Now, what can this data also tell us? It’s telling us our annual turnover, as we already mentioned. It also tells us what our ABC’s of our inventory is. Now, if you don’t know what the ABC’s of inventory is, we have a great video on that elsewhere on our Whiteboard Wednesday section, if you want to look that up. It also tells us where our cash is tied up, because we should be able to know what’s sitting on the shelves, what’s moving, what’s not. Because if something is just sitting there, it’s not making us money, and it’s taking up valuable real estate – whether we’re a wholesale manufacturer, a distributor, or so on.
So what does this mean, James? Well, this means that if we want to improve this number, we need to do a few things. And this isn’t just an easy thing, it’s a complicated process. But all these factors can help.
We need to streamline our process, and that means that we need to know as soon as inventory comes in, when it’s going out, how often it’s used. We need to know all that data.
We need to be able to stay lean, which means we need to keep only the amount of inventory on hand that we need for at least two weeks out, sometimes a little bit more. Again, another video on that. Feel free to check that out.
We should make use of auto reorder software so that we’re not having to physically count and constantly keep tabs ourselves. If we have an automated solution, it knows when our levels are low and when to reorder so we can stick to the business at hand.

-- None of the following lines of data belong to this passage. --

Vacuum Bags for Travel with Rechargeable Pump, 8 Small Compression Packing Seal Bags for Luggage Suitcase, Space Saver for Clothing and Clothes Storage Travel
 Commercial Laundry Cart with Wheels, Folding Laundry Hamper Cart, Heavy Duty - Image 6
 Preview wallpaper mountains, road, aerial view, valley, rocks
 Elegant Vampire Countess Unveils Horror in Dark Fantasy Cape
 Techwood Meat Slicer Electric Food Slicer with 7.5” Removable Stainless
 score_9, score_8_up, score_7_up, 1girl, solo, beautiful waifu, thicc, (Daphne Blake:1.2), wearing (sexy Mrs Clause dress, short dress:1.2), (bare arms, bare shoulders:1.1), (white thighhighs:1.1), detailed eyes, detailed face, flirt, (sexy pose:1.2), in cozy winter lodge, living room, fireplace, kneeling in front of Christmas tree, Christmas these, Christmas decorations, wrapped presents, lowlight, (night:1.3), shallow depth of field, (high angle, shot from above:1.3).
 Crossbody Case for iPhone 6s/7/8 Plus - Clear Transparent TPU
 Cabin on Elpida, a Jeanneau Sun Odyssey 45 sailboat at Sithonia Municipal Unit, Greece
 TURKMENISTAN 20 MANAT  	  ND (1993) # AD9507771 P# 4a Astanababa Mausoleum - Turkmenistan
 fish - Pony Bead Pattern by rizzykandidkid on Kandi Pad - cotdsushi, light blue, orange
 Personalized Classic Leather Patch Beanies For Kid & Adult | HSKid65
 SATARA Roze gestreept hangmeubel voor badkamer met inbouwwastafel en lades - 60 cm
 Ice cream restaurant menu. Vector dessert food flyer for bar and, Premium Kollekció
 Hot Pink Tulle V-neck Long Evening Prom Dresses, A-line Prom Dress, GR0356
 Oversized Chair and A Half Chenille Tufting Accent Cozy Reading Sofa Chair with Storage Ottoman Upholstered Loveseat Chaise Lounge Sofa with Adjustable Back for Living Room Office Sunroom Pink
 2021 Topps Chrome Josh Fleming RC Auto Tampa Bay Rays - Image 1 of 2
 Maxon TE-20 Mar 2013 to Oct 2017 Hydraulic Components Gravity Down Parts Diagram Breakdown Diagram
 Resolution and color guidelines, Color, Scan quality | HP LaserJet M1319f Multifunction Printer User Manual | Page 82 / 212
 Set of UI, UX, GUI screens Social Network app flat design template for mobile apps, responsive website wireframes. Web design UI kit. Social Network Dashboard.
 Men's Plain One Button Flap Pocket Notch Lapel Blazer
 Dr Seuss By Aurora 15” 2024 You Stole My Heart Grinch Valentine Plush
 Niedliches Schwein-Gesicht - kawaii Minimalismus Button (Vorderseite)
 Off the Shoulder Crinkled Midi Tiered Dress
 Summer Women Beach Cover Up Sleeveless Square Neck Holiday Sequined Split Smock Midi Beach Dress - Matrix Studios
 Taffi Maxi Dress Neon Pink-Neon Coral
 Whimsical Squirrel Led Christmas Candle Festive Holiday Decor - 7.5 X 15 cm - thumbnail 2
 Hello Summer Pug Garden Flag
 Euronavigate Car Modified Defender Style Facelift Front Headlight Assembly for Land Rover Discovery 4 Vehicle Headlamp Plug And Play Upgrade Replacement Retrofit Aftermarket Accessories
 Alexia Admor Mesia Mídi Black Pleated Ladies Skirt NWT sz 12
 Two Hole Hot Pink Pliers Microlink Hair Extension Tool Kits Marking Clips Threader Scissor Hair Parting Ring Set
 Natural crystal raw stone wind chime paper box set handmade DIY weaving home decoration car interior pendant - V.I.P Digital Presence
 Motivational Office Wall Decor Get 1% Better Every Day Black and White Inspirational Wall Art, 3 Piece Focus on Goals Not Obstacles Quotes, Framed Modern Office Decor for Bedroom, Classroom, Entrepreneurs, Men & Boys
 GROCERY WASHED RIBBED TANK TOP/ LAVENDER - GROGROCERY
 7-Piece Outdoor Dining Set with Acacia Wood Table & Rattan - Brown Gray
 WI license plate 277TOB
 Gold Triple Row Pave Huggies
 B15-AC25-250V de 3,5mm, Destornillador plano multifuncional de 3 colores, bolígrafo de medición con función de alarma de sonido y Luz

Also, we should be able to include seasonal reports. What this does is it tells us when there’s certain times of the year that customers are buying more of one particular item or product from us, so that we can plan for that accordingly, annually. Now, there may be shifts every year, but we can be able to predict that with seasonal reports.
Now, where does all of this come from? Well, you guessed it. It’s going to come from an automated software solution. The more that you can incorporate these kinds of things, the faster that we’re going to be able to have inventory turnover, we’re going to bump up that ratio, which means that we won’t have as much cash tied up, we won’t have things sitting on the shelf, and we won’t be losing money to things that aren’t going anywhere.
Again, if you have any questions about some of these other things we’ve discussed, we have a lot of other videos talking about these things. And again, I’m James. That’s this week’s Whiteboard Wednesday. Thanks!